Antonio Gramsci
Antonio Gramsci, 1891-1937, a leader and theorist of Italian Socialism, Communism and anti-Fascism.
Gramsci was born in Sardinia into a family that struggled economically and a part of Italy, the south, that was mostly ignored by the government in favor of the industrialized north. This early experience shaped his view of the world and informed his decision to join the Italian Socialist Party and later move into leadership roles in the Italian Communist Party and the Comintern (the Communist International).
An articulate and prolific writer of political theory, Gramsci produced a great deal of writing as editor of a number of socialist newspapers in Italy as well as more than 30 notebooks of history and analysis written during his 10-year imprisonment under Mussolini. These writings, known as the Prison Notebooks, contain Gramsci's tracing of Italian history and nationalism, as well as some ideas in critical theory and educational theory that he has become well-known for:
- Cultural hegemony as a means of maintaining the capitalist state
- The need for popular workers' education to encourage development of intellectuals from the working class.
Cultural hegemony is an idea from Marxism that Gramsci developed into acute analysis to explain why the "inevitable" revolution of the proletariat predicted by orthodox Marxism had not occurred by the early 20th century. Rather, capitalism seemed even more entrenched than ever. It wasn't just through violence and the threat of violence that capitalism maintained control, Gramsci suggested, but also through a hegemonic culture that taught the working class to identify its interests with those of the bourgeoisie and thereby police themselves. The working class needed to develop its own culture, and make that culture hegemonic, in order to succeed in overthrowing capitalism.

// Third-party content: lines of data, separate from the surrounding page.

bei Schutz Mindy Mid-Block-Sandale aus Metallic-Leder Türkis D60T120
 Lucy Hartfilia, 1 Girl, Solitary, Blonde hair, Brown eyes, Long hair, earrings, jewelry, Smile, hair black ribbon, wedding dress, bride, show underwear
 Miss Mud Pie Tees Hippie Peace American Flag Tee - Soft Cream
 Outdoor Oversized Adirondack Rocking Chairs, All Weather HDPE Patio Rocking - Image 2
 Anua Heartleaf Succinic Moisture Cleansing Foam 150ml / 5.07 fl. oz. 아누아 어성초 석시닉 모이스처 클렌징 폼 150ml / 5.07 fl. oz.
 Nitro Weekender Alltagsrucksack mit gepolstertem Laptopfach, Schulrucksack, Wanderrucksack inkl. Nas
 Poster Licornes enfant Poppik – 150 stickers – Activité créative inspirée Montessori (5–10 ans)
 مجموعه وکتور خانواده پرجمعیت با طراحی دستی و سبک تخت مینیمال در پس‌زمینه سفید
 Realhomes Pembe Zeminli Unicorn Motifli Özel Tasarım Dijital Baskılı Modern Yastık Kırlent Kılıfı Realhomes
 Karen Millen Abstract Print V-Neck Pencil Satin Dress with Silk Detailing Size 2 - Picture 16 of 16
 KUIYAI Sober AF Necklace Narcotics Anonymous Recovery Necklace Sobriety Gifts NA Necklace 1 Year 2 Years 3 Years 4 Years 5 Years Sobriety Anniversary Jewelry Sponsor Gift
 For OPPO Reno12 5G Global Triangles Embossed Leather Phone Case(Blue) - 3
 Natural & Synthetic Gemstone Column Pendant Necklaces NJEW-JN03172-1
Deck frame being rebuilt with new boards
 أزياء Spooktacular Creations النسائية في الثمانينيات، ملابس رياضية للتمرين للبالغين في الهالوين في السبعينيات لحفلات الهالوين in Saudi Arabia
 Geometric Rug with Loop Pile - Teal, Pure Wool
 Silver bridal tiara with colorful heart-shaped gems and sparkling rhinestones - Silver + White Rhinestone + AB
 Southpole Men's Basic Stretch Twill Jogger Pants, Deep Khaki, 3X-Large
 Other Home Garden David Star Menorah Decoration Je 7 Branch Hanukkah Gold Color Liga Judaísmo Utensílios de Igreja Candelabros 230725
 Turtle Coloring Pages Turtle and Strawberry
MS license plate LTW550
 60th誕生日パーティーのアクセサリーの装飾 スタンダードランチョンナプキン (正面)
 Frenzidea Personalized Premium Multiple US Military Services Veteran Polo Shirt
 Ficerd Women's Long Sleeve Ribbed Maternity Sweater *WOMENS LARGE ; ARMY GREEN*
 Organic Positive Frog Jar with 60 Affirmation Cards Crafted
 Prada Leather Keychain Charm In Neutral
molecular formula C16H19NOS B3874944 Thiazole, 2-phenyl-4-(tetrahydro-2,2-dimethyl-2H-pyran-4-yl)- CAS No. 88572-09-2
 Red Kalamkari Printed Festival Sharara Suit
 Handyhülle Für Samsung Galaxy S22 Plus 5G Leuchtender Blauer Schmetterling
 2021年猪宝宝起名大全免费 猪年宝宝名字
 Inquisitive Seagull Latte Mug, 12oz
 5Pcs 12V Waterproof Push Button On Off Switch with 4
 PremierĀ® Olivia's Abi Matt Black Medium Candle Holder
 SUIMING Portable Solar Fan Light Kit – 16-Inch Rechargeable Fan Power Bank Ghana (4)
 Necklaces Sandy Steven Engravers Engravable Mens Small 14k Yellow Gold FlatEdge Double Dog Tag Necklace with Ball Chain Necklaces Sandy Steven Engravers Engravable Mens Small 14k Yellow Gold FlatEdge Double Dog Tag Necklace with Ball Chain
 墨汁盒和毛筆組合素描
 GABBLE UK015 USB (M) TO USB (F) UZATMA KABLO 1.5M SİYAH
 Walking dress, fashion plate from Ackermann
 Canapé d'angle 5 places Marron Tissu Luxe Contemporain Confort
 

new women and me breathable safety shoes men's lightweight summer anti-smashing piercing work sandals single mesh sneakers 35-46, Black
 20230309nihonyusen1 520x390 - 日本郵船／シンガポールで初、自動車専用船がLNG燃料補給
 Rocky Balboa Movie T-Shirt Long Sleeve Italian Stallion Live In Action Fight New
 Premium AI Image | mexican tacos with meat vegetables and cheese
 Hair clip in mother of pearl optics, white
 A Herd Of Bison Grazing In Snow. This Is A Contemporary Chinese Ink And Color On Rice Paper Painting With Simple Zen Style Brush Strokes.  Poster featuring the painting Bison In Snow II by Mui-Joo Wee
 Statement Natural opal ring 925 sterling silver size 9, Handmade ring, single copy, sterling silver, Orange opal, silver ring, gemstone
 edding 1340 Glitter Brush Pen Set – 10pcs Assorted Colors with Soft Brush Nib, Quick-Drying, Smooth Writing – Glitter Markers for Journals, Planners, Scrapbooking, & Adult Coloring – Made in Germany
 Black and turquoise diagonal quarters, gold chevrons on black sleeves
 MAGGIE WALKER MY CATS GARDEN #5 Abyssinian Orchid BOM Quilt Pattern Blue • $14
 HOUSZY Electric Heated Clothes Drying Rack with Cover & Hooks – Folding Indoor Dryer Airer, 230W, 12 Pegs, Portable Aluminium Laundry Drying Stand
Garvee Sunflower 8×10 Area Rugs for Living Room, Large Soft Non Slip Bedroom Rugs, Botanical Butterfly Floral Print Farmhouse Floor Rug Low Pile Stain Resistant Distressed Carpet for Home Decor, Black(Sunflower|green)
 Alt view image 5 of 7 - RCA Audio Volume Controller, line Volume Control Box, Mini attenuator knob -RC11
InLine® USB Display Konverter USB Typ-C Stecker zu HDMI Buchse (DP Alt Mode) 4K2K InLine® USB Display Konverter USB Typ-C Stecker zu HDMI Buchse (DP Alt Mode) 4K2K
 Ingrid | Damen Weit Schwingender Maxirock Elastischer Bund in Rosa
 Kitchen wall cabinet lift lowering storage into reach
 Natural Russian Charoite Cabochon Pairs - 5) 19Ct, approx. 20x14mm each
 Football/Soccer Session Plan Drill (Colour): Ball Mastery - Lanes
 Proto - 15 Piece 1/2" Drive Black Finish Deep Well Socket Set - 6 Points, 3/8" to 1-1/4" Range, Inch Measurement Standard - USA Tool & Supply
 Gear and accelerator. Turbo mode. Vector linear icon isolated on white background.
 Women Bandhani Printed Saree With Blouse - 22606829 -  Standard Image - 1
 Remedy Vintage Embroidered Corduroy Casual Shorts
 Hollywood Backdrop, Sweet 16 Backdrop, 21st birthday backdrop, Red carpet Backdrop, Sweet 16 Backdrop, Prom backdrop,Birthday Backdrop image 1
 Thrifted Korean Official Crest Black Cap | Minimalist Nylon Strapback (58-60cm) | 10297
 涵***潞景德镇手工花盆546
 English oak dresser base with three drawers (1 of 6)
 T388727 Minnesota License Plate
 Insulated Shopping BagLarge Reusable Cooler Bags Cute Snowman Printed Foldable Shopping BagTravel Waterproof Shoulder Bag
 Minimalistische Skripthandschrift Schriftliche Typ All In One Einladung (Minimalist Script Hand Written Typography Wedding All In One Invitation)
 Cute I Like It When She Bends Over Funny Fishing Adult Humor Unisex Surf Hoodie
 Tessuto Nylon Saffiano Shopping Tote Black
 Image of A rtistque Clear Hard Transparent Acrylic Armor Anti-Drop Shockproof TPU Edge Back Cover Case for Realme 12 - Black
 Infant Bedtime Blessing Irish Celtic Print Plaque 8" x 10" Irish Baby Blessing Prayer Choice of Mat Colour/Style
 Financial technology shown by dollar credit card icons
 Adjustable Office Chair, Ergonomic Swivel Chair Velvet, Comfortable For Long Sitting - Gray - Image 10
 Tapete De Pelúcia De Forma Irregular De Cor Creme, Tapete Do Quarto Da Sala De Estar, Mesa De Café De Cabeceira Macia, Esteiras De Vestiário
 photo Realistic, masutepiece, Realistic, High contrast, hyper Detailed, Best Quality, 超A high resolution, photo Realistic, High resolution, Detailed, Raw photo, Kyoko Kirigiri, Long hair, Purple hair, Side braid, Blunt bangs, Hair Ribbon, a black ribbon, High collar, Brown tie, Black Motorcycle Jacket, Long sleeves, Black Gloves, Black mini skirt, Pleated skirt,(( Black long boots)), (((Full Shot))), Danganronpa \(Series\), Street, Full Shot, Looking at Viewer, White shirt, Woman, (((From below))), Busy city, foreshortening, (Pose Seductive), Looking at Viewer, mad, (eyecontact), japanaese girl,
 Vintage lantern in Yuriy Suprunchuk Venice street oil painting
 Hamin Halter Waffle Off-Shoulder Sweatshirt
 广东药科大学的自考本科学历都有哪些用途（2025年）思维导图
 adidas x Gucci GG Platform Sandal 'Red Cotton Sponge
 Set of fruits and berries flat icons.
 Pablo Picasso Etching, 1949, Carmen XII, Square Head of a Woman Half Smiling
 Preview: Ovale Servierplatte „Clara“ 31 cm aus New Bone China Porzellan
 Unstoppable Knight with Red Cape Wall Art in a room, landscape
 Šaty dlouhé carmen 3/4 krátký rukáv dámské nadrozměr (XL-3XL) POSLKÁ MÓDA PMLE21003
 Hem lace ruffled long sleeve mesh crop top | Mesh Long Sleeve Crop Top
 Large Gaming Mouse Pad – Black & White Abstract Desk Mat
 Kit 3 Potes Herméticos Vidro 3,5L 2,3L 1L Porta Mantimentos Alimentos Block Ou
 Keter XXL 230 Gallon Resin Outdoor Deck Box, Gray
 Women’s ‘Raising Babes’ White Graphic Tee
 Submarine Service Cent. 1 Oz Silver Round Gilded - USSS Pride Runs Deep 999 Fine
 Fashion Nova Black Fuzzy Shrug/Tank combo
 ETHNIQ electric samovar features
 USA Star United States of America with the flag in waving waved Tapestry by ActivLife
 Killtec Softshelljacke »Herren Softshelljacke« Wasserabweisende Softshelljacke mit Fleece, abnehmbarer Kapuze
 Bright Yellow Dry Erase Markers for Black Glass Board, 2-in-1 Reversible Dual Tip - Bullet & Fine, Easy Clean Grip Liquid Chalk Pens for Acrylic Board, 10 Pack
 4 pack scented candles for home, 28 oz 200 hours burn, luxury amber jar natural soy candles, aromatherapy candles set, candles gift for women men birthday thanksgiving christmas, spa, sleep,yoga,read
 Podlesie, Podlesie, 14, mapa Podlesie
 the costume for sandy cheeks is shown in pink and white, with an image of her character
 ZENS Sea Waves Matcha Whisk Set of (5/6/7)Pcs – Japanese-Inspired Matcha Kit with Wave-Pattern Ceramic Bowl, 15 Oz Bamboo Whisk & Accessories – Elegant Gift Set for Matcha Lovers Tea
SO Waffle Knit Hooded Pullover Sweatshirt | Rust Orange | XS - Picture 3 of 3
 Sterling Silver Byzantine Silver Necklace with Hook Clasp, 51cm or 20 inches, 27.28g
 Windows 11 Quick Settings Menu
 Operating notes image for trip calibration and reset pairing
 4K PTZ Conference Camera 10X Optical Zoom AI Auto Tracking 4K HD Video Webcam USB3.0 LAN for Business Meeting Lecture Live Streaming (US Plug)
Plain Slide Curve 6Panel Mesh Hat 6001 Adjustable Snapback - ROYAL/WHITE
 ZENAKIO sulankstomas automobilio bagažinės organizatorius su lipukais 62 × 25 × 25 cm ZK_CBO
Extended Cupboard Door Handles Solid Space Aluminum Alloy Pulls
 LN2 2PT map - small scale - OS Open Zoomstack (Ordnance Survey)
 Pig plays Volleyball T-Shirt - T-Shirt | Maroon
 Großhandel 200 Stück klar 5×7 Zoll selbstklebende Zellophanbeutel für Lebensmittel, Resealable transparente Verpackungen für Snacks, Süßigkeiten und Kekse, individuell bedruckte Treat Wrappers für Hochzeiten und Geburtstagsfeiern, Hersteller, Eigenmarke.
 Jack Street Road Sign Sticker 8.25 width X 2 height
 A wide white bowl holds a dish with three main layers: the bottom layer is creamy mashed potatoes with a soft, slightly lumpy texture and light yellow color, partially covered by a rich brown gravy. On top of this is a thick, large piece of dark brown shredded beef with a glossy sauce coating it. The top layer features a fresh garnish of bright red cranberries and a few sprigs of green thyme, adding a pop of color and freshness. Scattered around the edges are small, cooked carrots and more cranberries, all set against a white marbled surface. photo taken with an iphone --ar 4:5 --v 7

This need to create a working-class culture relates to Gramsci's call for a kind of education that could develop working-class intellectuals. His ideas about an education system for this purpose correspond with the notion of popular education as theorized and practiced in later decades by Paulo Freire in Brazil. For this reason, Gramsci is today considered an important voice in adult and popular education as well as in Marxist and political theory. His death at the age of 46, shortly after being released from prison, was a huge loss to these fields of thought.